● **Input**:
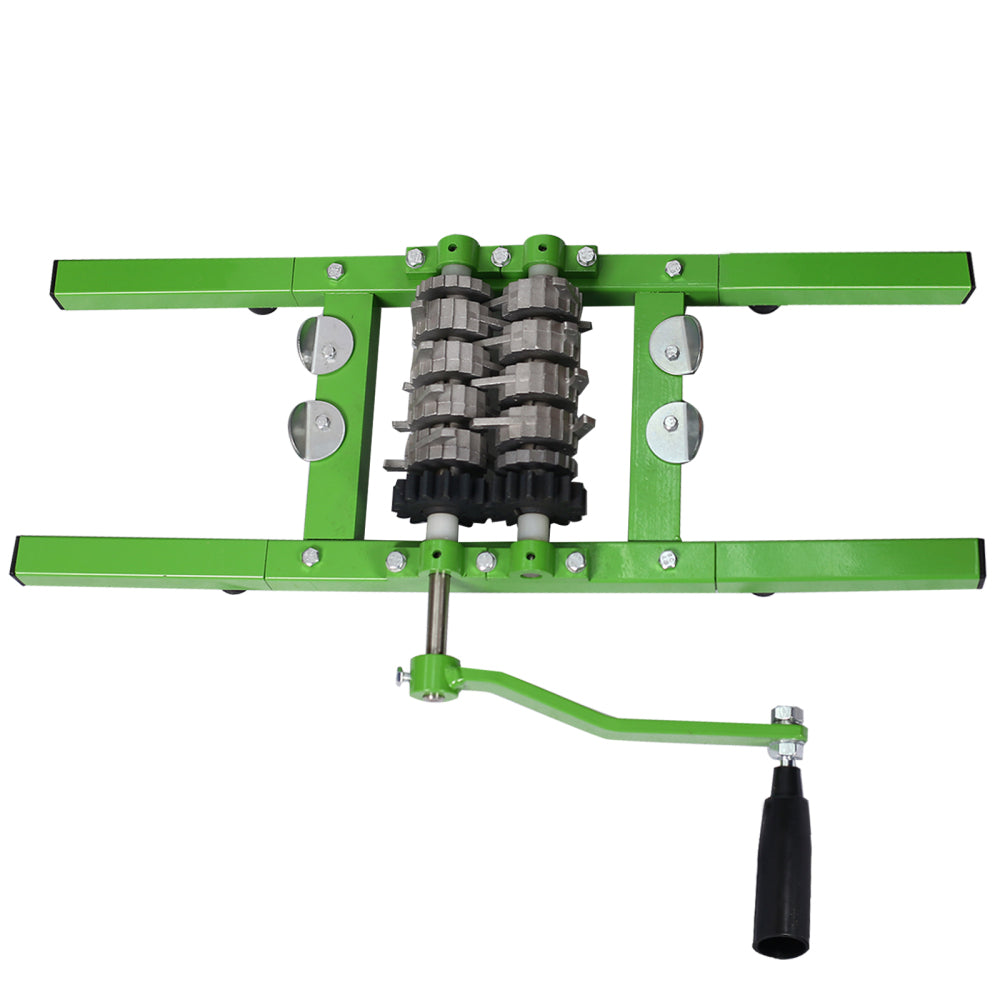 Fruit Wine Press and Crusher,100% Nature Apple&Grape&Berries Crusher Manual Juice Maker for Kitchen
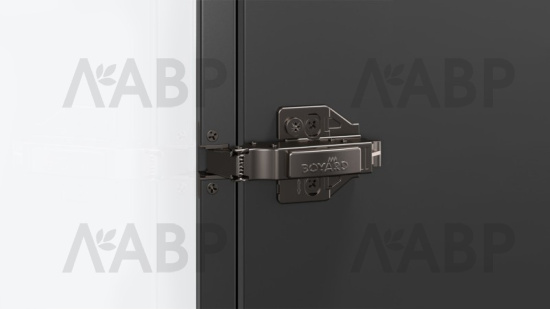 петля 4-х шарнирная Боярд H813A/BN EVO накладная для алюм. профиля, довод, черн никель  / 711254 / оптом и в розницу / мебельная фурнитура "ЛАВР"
* * *
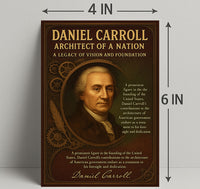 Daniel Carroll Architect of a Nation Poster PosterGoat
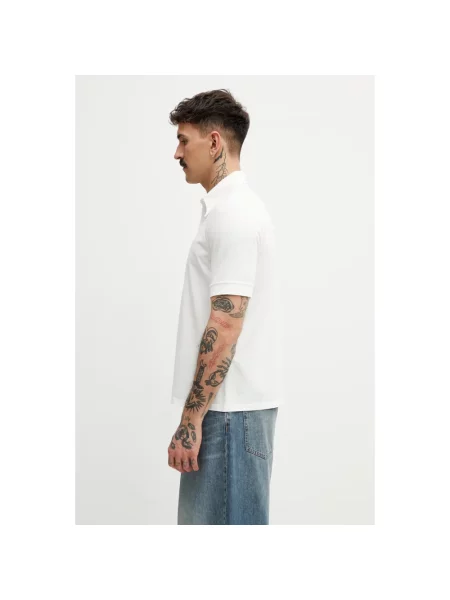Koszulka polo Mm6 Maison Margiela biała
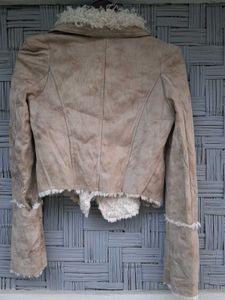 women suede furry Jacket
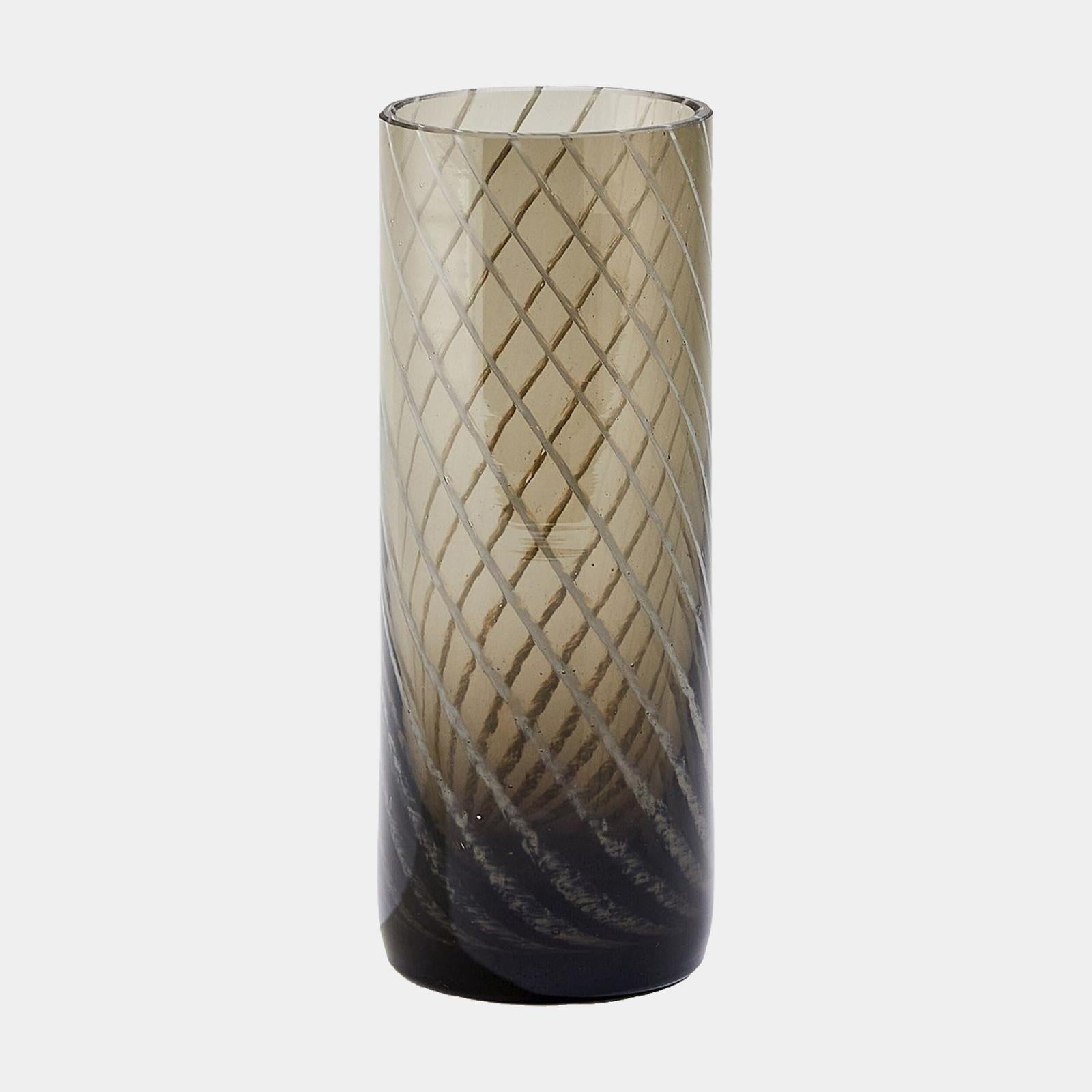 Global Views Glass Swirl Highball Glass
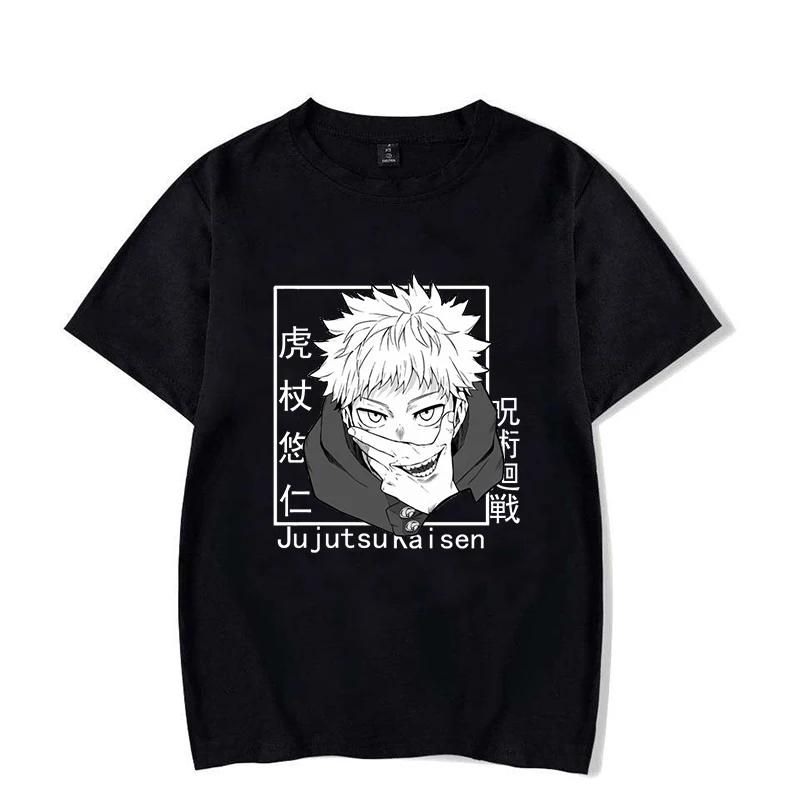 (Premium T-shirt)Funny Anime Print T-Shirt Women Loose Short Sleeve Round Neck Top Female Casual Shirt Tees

● **Exercise details**:
Every line above between the one containing "Fruit Wine Press" and the one containing "петля 4-х шарнирная", those two included, is to be printed exactly. No pictures go into the copy.

● **Answer section**:
 Fruit Wine Press and Crusher,100% Nature Apple&Grape&Berries Crusher Manual Juice Maker for Kitchen
 петля 4-х шарнирная Боярд H813A/BN EVO накладная для алюм. профиля, довод, черн никель  / 711254 / оптом и в розницу / мебельная фурнитура "ЛАВР"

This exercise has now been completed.